### Task directions
Output the listing word for word, minus images.

= Beginning of Section =

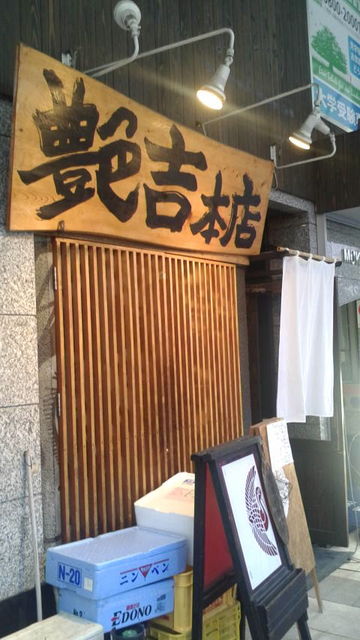 (7)艶吉本店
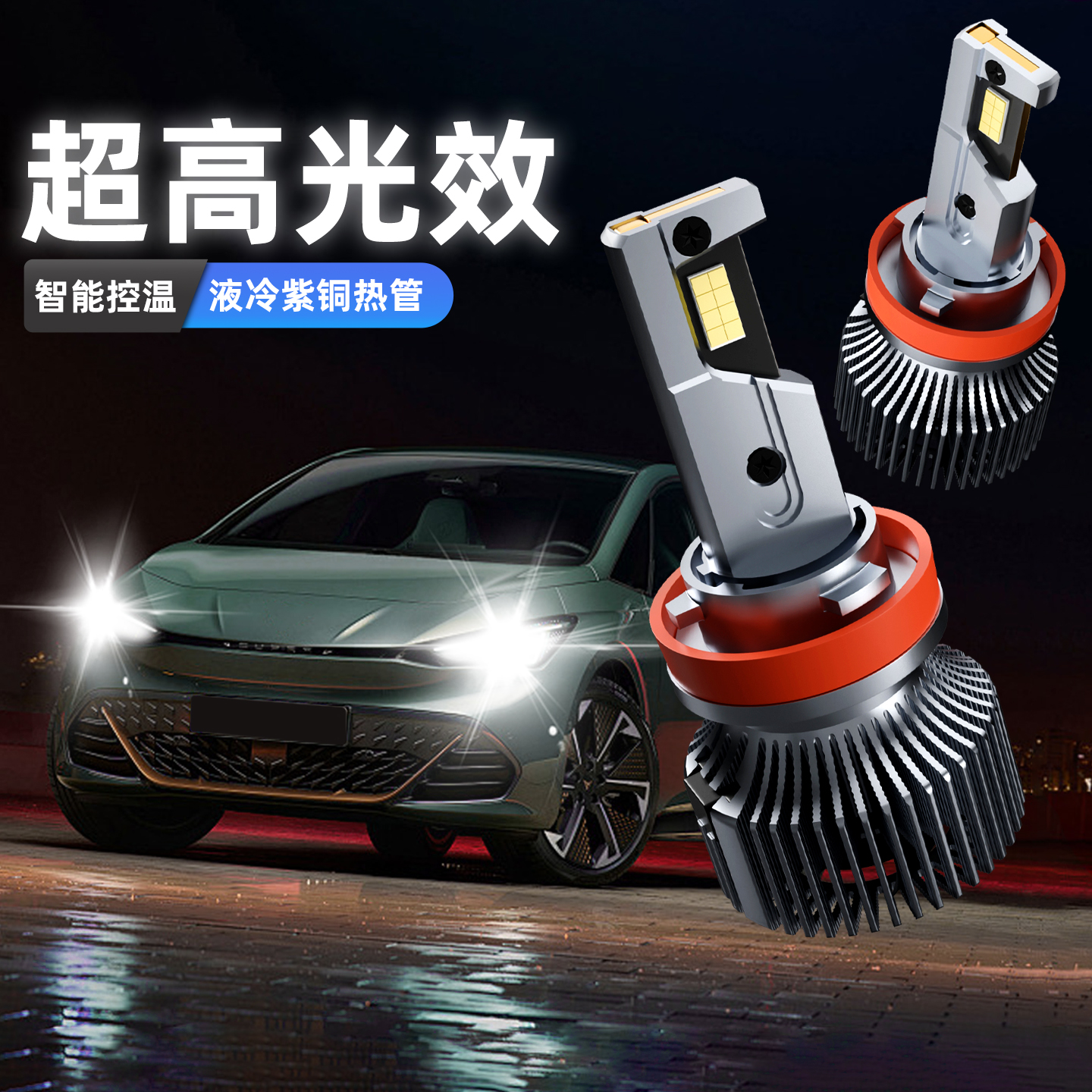 纳思亚特led汽车大灯强光超亮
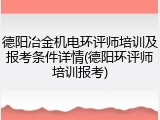 德阳冶金机电环评师培训及报考条件详情(德阳环评师培训报考)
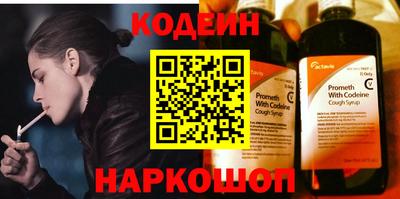 ешки Кумертау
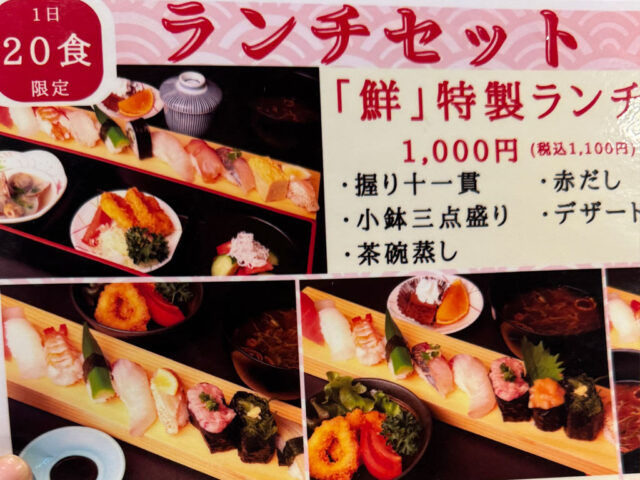 おすすめの寿司ランチセット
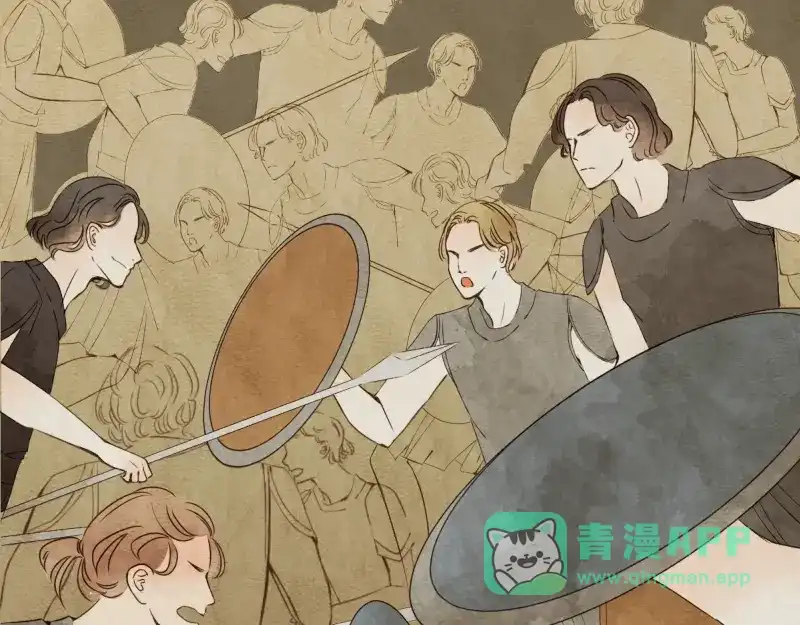 《游戏，未结束》13.双子座 第21页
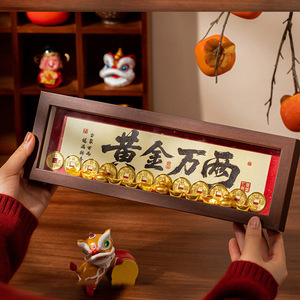 Golden Ten Thousand Taels Plaque Rectangle Handicraft Chinese New Year Decoration Gift - Product Image 1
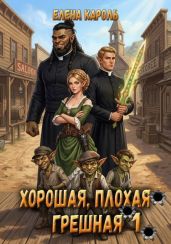 Хорошая, плохая, грешная 1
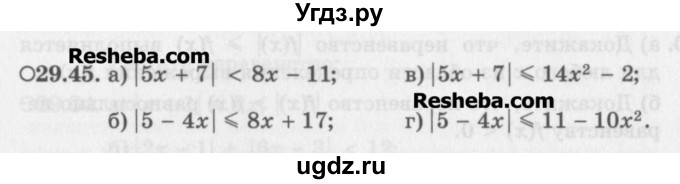 ГДЗ (Задачник) по алгебре 11 класс (Учебник, Задачник ) Мордкович А.Г. / § 29 номер / 29.45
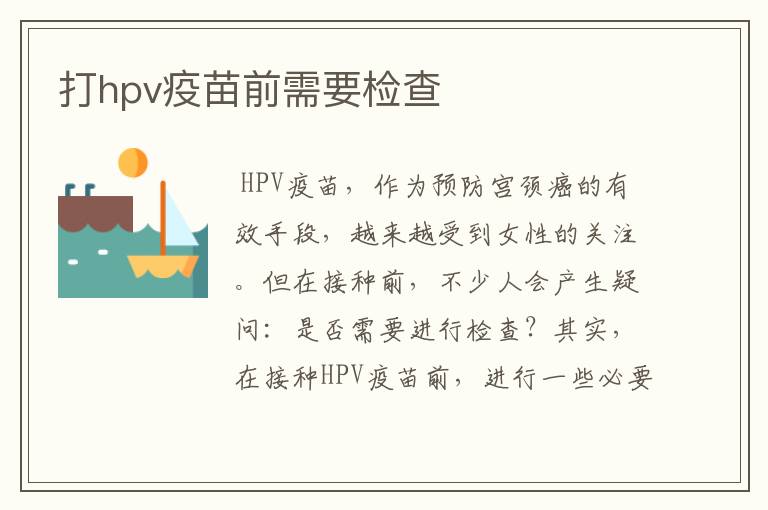 打hpv疫苗前需要检查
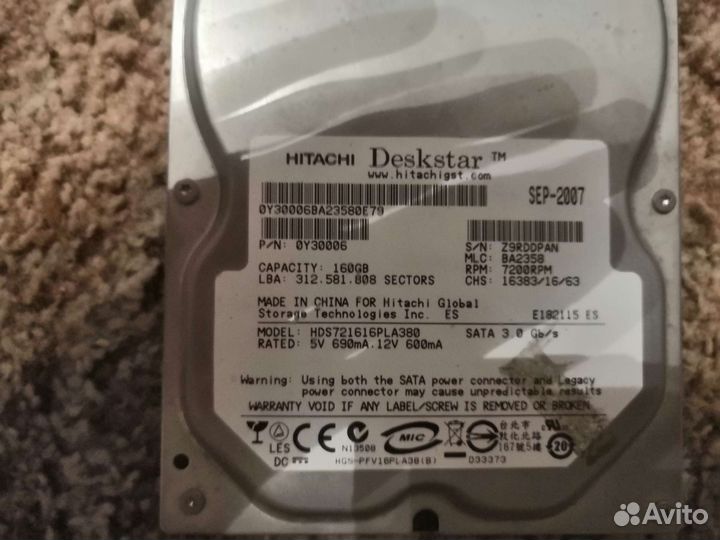 Hdd 160gb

= End of Section =

### Exercise solution
 (7)艶吉本店
 纳思亚特led汽车大灯强光超亮
 德阳冶金机电环评师培训及报考条件详情(德阳环评师培训报考)
 ешки Кумертау
 おすすめの寿司ランチセット
 《游戏，未结束》13.双子座 第21页
 Golden Ten Thousand Taels Plaque Rectangle Handicraft Chinese New Year Decoration Gift - Product Image 1
 Хорошая, плохая, грешная 1
 ГДЗ (Задачник) по алгебре 11 класс (Учебник, Задачник ) Мордкович А.Г. / § 29 номер / 29.45
 打hpv疫苗前需要检查
 Hdd 160gb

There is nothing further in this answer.